Extracted records

———

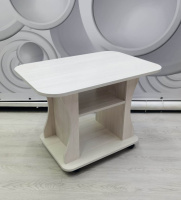 WhatsApp Image 2023-11-28 at 17.15.47 (1) WhatsApp Image 2023-11-28 at 17.15.47 (1)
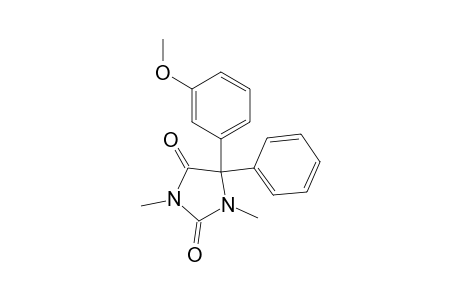 Phenytoin-M (3'-HO-) 3ME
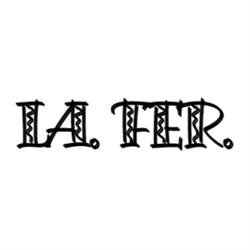 La.Fer., Terni orari di apertura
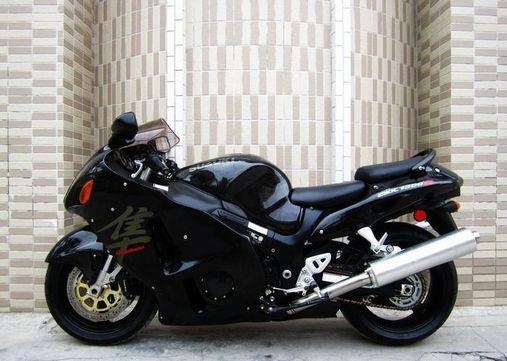 03ľGSX-1300R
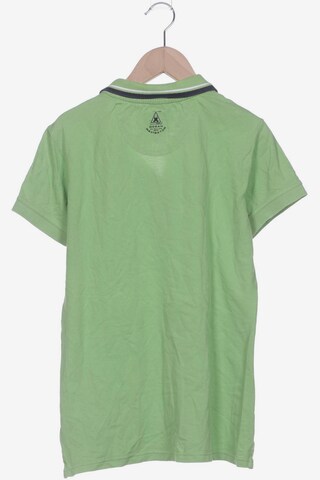 Gaastra Top & Shirt in L in Green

———

- [WHAT IS NEEDED]: From the line containing "Phenytoin-M (3'-HO-) 3ME" to the final line above, both included, transcribe every line exactly and leave all pictures out.

- [EXERCISE RESPONSE]:
 Phenytoin-M (3'-HO-) 3ME
 La.Fer., Terni orari di apertura
 03ľGSX-1300R
 Gaastra Top & Shirt in L in Green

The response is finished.